#### [Problem]
In exact form, please repeat the records from their opening line down to the line with "Zwei Gewehren auf", including that line.

[Short text fragments from websites]
------------------------------------------------------------
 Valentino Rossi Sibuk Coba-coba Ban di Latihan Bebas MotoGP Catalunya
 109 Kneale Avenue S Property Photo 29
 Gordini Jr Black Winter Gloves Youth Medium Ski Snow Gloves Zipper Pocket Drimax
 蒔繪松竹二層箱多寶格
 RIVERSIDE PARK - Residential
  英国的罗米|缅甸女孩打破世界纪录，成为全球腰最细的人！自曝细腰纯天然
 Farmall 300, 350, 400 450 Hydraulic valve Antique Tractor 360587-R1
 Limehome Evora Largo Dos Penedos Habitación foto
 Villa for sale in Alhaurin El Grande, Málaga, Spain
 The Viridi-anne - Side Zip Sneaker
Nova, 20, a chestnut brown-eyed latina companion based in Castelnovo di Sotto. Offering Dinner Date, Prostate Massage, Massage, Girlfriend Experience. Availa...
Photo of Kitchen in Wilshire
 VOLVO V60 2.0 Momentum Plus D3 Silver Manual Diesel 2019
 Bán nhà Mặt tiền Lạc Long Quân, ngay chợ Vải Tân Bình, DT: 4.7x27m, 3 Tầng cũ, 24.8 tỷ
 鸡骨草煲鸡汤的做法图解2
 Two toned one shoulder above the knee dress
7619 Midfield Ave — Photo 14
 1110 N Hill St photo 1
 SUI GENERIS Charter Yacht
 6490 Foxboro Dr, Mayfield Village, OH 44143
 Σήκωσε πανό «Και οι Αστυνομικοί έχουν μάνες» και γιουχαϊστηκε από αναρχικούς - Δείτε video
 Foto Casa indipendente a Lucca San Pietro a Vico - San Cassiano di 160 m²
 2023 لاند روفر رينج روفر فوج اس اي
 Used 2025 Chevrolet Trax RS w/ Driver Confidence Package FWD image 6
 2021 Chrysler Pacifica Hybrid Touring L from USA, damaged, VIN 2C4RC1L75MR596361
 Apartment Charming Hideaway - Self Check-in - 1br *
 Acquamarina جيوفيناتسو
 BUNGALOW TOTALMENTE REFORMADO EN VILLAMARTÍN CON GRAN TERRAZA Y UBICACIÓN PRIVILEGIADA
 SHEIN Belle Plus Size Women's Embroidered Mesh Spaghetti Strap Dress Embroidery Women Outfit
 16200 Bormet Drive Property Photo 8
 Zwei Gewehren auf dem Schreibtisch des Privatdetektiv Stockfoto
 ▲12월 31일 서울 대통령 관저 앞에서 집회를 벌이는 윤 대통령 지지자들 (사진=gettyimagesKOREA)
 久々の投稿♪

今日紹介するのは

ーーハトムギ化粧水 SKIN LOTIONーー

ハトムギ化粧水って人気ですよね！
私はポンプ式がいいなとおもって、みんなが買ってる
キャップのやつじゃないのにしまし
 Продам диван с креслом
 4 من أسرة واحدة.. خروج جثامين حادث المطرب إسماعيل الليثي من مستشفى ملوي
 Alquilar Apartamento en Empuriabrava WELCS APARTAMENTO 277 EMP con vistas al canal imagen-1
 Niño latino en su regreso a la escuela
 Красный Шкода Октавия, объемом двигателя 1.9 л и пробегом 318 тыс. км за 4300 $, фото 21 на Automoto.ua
------------------------------------------------------------
#### [Task solution]
 Valentino Rossi Sibuk Coba-coba Ban di Latihan Bebas MotoGP Catalunya
 109 Kneale Avenue S Property Photo 29
 Gordini Jr Black Winter Gloves Youth Medium Ski Snow Gloves Zipper Pocket Drimax
 蒔繪松竹二層箱多寶格
 RIVERSIDE PARK - Residential
  英国的罗米|缅甸女孩打破世界纪录，成为全球腰最细的人！自曝细腰纯天然
 Farmall 300, 350, 400 450 Hydraulic valve Antique Tractor 360587-R1
 Limehome Evora Largo Dos Penedos Habitación foto
 Villa for sale in Alhaurin El Grande, Málaga, Spain
 The Viridi-anne - Side Zip Sneaker
Nova, 20, a chestnut brown-eyed latina companion based in Castelnovo di Sotto. Offering Dinner Date, Prostate Massage, Massage, Girlfriend Experience. Availa...
Photo of Kitchen in Wilshire
 VOLVO V60 2.0 Momentum Plus D3 Silver Manual Diesel 2019
 Bán nhà Mặt tiền Lạc Long Quân, ngay chợ Vải Tân Bình, DT: 4.7x27m, 3 Tầng cũ, 24.8 tỷ
 鸡骨草煲鸡汤的做法图解2
 Two toned one shoulder above the knee dress
7619 Midfield Ave — Photo 14
 1110 N Hill St photo 1
 SUI GENERIS Charter Yacht
 6490 Foxboro Dr, Mayfield Village, OH 44143
 Σήκωσε πανό «Και οι Αστυνομικοί έχουν μάνες» και γιουχαϊστηκε από αναρχικούς - Δείτε video
 Foto Casa indipendente a Lucca San Pietro a Vico - San Cassiano di 160 m²
 2023 لاند روفر رينج روفر فوج اس اي
 Used 2025 Chevrolet Trax RS w/ Driver Confidence Package FWD image 6
 2021 Chrysler Pacifica Hybrid Touring L from USA, damaged, VIN 2C4RC1L75MR596361
 Apartment Charming Hideaway - Self Check-in - 1br *
 Acquamarina جيوفيناتسو
 BUNGALOW TOTALMENTE REFORMADO EN VILLAMARTÍN CON GRAN TERRAZA Y UBICACIÓN PRIVILEGIADA
 SHEIN Belle Plus Size Women's Embroidered Mesh Spaghetti Strap Dress Embroidery Women Outfit
 16200 Bormet Drive Property Photo 8
 Zwei Gewehren auf dem Schreibtisch des Privatdetektiv Stockfoto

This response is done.